Mas há valores que, independentemente de sermos mais ricos ou mais pobres, não podemos pôr em causa. Valores que têm que estar acima e orientar as opções de política económica. Só assim é que se poderá continuar a respeitar o princípio de que a economia é para as pessoas e deve estar sempre ao serviço das pessoas. Um desses valores é a solidariedade, o compromisso enquanto comunidade de termos um cuidado particular e um apoio efectivo aos membros mais desfavorecidos da nossa sociedade. É aqui que entra a perplexidade. Quando se torna inadiável cortar, gastar menos, como é que entre as primeiras parcelas que sofrem redução estão os subsídios de desemprego e as prestações sociais? Porque são precisamente partes da despesa pública destinadas a ajudar os mais necessitados, a garantir-lhes um mínimo (às vezes mesmo muito mínimo) de acesso á satisfação das suas necessidades básicas.
Poderia até ter que se chegar a cortar também aí. Mas apenas depois de se ter actuado energicamente sobre todas as outras fontes de despesa, sobretudo sobre aquelas que menos servem o bem comum com eficiência, já para não falar de tanta coisa que parece que só se pode compreender que continue a existir porque dá vantagens particulares, suporta clientelismos ou interesses corporativos. Todos sabemos que não há pouco disso, mas, até agora, não se viram medidas corajosas de ataque a esses desperdícios, de racionalização administrativa e de extinção de organismos parasitas. Ninguém pode acreditar que já se esgotaram todas as outras possibilidades de poupanças.

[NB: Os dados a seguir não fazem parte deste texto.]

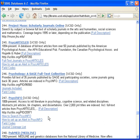PsychInfo is the most comprehensive of the three databases. It includes all the material from both PsychArticles and Psychology, a Sage full-text collection. PsychInfo is from the American Psychological Association. It provides access to international literature in psychology, cognitive science, and related disciplines.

Usa-se, para ajudar alguma a justificação, o argumento de que haverá aí também desperdício e aproveitamentos indevidos. Certamente, como em todos os programas e todos os níveis de subsidiação e aplicação de despesa pública. Será assim tão significativo em termos totais na conta da despesa? Suficientemente significativo para se correr o risco de excluir cidadãos da nossa comunidade social em verdadeira situação de necessidade do acesso a esses apoios?
Como sociedade, globalmente, poderemos ter que baixar o nosso nível de despesa. Mas essa redução tem que ser orientada pelos critérios da justiça social e da solidariedade, não o da facilidade economicista, muito menos o da cobardia política apadrinhadora de interesses.